Jackie Choy: Thanks for having me, Emma.

Wall: Hi, Jackie. We have the privilege of you coming all the way from Hong Kong to be with us today for this video, which means that you're best priced on the ground to talk about the new connect between the Shanghai Composite and the Hang Seng. This means that money can flow between the two Chinese indices. I am not sure that many people understand exactly what entails those, perhaps you could give us a bit of background.
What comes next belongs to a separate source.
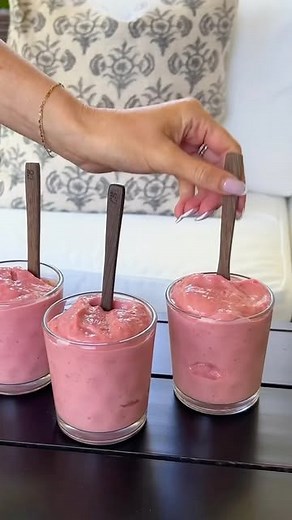 Ashley and Taylor Johnston | PERFECT smoothie recipe for spring🥭💛🌸🍓 This is our RED RASPBERRY SMOOTHIE straight from our cookbook SMOOTH LIFE! Comment “spring” and... | Instagram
Choy: So, this particular scheme is actually promoted by the Chinese government and the regulators, so to allow investors from the one side of the market to be able to invest into the other side of the market and vice versa. And before the scheme only introduced, specific institutional investors can actually do that. But now more retail investors, subject to some restrictions of course, can now do this kind of trade through the border.

Wall: I think a lot of people were expecting this flow of money to have a massive positive effect, in particular on the Shanghai composite and for the market to rally upwards. However, that hasn’t really been the case since it's started in November, has it?

Choy: Actually, it has been the case, so you look at the Asia market, the index actually rose by 40% last year in 2014 and another 40% this year so far in 2015. So, we have seen this kind of flow in terms of performance and in terms of actual money flow, you can see after the actual scheme has commenced. The actual quarter was actually full for the first two days and then it sort of slowed down a little bit on that front from money going from Hong Kong to China. So we actually see that kind of flow as well.

Wall: And that flow has slowed though as you say and perhaps isn’t as much as some people initially predicted because of pricing. So I know that an A shares, those listed in Shanghai are actually more expensive than H shares at the moment those listed in Hong Kong.

Choy: That’s right, Emma. And you asked a very good question there. So I think like putting ourselves back in history a little bit, back in the middle of 2014, we saw the – I'll give you a number, which is the Hang Seng AH Premium Index. At that point in time, the number was 90; meaning that the A is 10% cheaper than the H shares listed in Hong Kong. So, after this scheme actually came up and now the number has actually gone up to 130, meaning that A shares is 30% more expensive than H shares.

Wall: And that perhaps means that people obviously are finding the H shares, the cheaper ones, more attractive. But why is this difference in price?

Choy: So, well, as I said there is still a lot of restriction between the investment sort of opportunities between the two markets, not every people – investors can actually invest into both market. So we have different investor types in the different markets given investment views, of course in different supply demand, so causing this particular difference in pricing.

Wall: But they are the same companies, aren’t they? So company expect these to become on par at some point.

Choy: That’s right. Many of these are actually the same company, although we do have some companies only listed in one side. But there are – a lot of them are the same company. So fundamentally, they should be traded at same price. So as these particular restriction actually get lifted in the longer run, I don’t know how long that would be, but eventually I think that should actually – the gap should actually close.

Wall: What is Chinese mainland share ownership like, because I think historically we have an idea about the Chinese household, I think, to store their wealth in cash, fantastic savings rate at 50% and in property. Are we seeing because of this sort of opening up in restrictions a lot of Chinese nationals getting more involved in investing?

Choy: I think there is sort of a little bit of trend going on there as you said, and our savings rate has been great and a lot of cash or investment has been poured into the property market. But as these investors actually get more education on their investments and especially, we have more channels for local investors to actually diversify the investment outside the country, they would probably be wanting to do so.

But at this point in time, there is only the Hong Kong-Shanghai – Shanghai-Hong Kong Stock Connect. So if there are other schemes that could allow local investors to invest outside of the country, diversify the portfolio, there will probably be – that will be a better choice for them.

Wall: Jackie, thank you very much.

Choy: You are welcome, Emma.

Wall: This is Emma Wall for Morningstar. Thank you for watching.